Section 1983 of the Civil Rights Act provides a means for plaintiffs whose civil rights have been violated by government officials to sue for monetary compensation. However, the doctrine of qualified immunity hampers a plaintiff’s chances of success by blocking cases from going to trial and preventing government entities from paying monetary judgments on “insubstantial cases.” State-created danger doctrine is a judicially created exception that can overcome qualified immunity when a government official has caused or contributed to a danger that resulted in harm to that individual. The purpose of this doctrine is to hold officials accountable who were more than negligent. Enforcing this accountability is especially important when those officials operate within the realm of the criminal legal system. Police officers and law enforcement officials are in a position to create more harm than other government officials as they have state- sanctioned authority and potential access to weapons. Moreover, creating accountability through the exception likely would incentivize the officers to act with more care in the future.

This Comment examines the state-created danger doctrine applied to cases where a government official’s decisions have resulted in the suicide of an individual. In cases of suicide, this analysis reveals that plaintiffs have failed to succeed even when the actions of government officials have seemingly surpassed negligence. These cases often fail because courts interpret the decisions of government officials to be inactions rather than actions. Courts find that the threat of suicide has always existed, regardless of decisions by officials that might have exacerbated this risk. By not characterizing these decisions as actions, the courts allow qualified immunity to block liability. This article proposes an innovative solution: a test that reinterprets the language of DeShaney, the originator of the doctrine, to interpret “actions” to include instances where a government official closed off and later reopened the harm to that individual through their decisions.
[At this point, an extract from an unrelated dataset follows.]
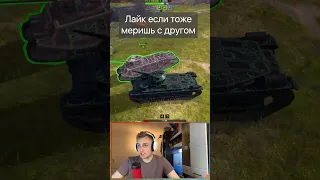 Стример СПАЛИЛ свою сосиску Tanks Blitz WoT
This Comment will then apply this test to the fact patterns of leading suicide-related cases and those involving law enforcement officials to show how it results in more successes for plaintiffs and more consistent results overall. The Comment concludes that enforcing accountability in this sphere will better protect the public from the officials, operating in the law enforcement or general governmental sphere, who have endangered them by behaving in a way that surpasses negligence.